◆ Data records:
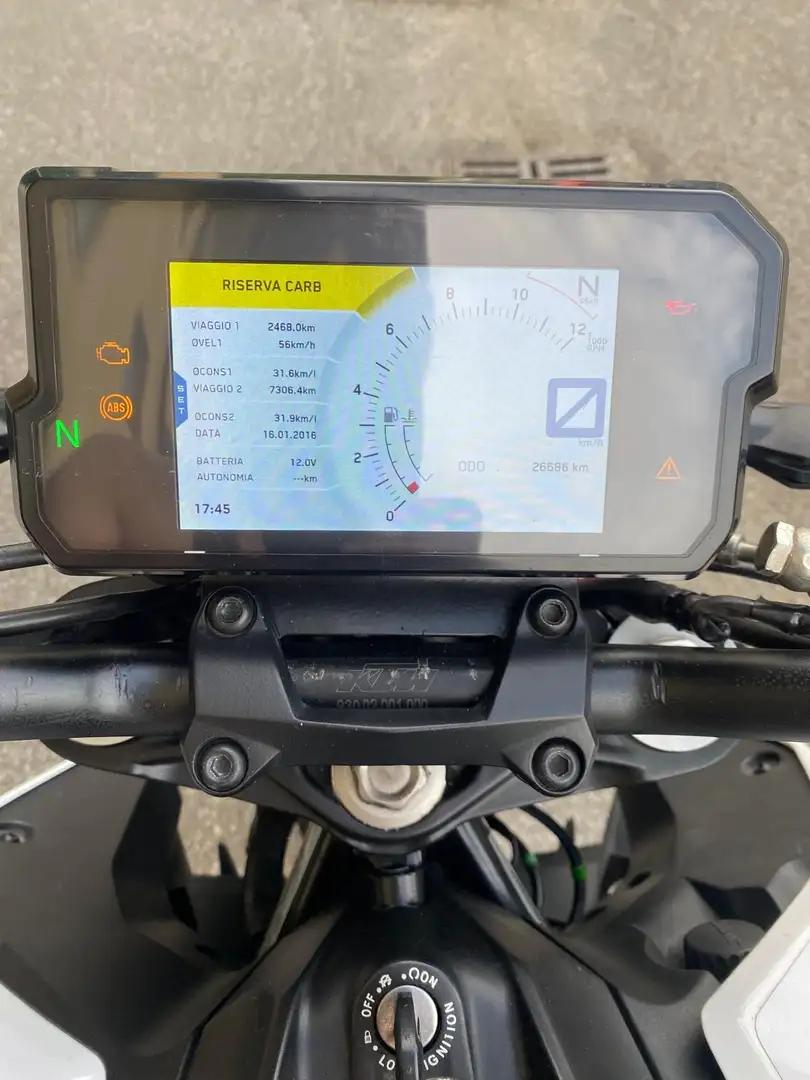 KTM 125 Duke - 2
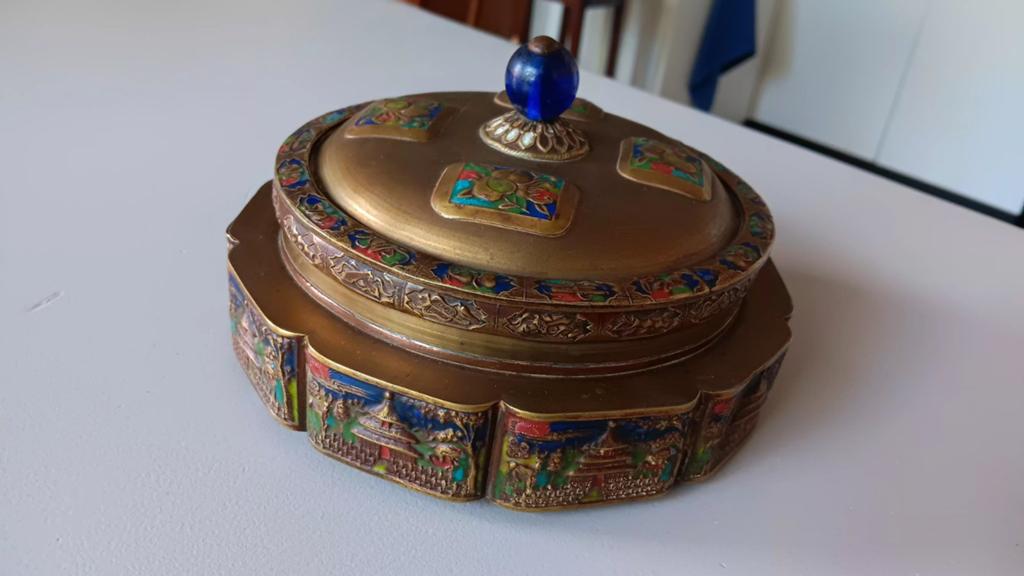 Ronde bronzen Chinese schaal met 10 reliefpanelen, Ophalen of Verzenden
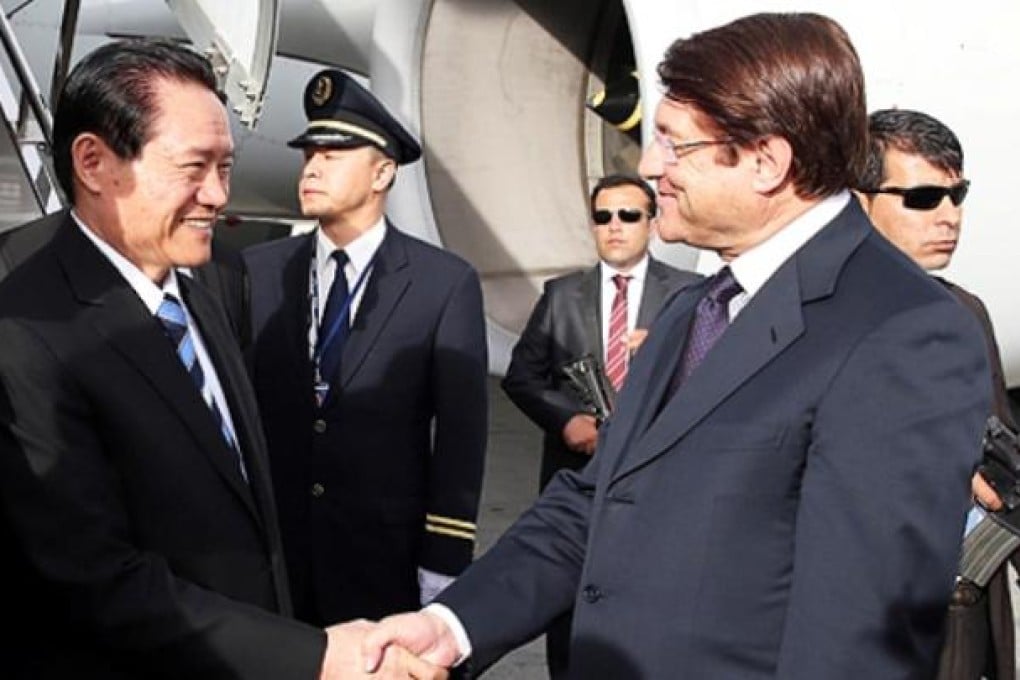 Zhou Yongkang (left), ranked ninth in China’s ruling Communist Party hierarchy, is welcomed by Afghan Commerce and Industry Minister Anwar Ul-haq Ahady in Kabul on Sunday. Photo: Xinhua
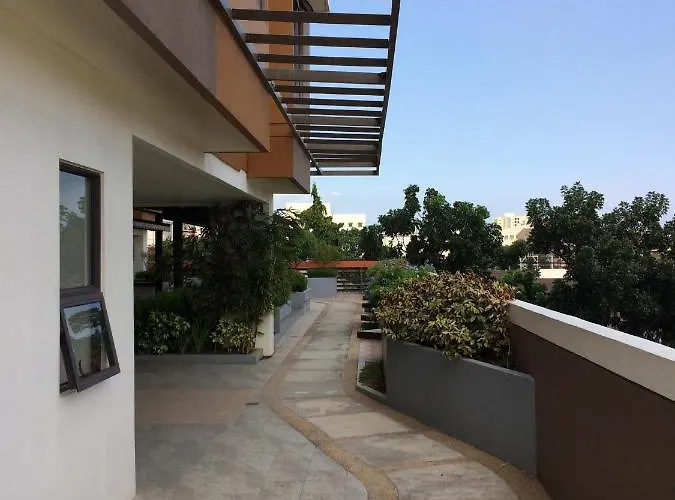 Mabolo Garden Flats - Quiet Modern With Balcony Pool Jogging Trail Near Malls And It Park * Cebu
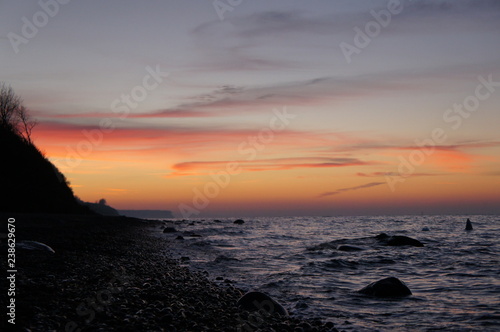 Sonnenuntergang am Strand mit Wellen und Sand an der Ostsee nahe Warnem  nde im Urlaub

◆ Task brief:
Leave out the pictures and output the rest of the material exactly as written.

◆ Exercise output:
 KTM 125 Duke - 2
 Ronde bronzen Chinese schaal met 10 reliefpanelen, Ophalen of Verzenden
 Zhou Yongkang (left), ranked ninth in China’s ruling Communist Party hierarchy, is welcomed by Afghan Commerce and Industry Minister Anwar Ul-haq Ahady in Kabul on Sunday. Photo: Xinhua
 Mabolo Garden Flats - Quiet Modern With Balcony Pool Jogging Trail Near Malls And It Park * Cebu
 Sonnenuntergang am Strand mit Wellen und Sand an der Ostsee nahe Warnem  nde im Urlaub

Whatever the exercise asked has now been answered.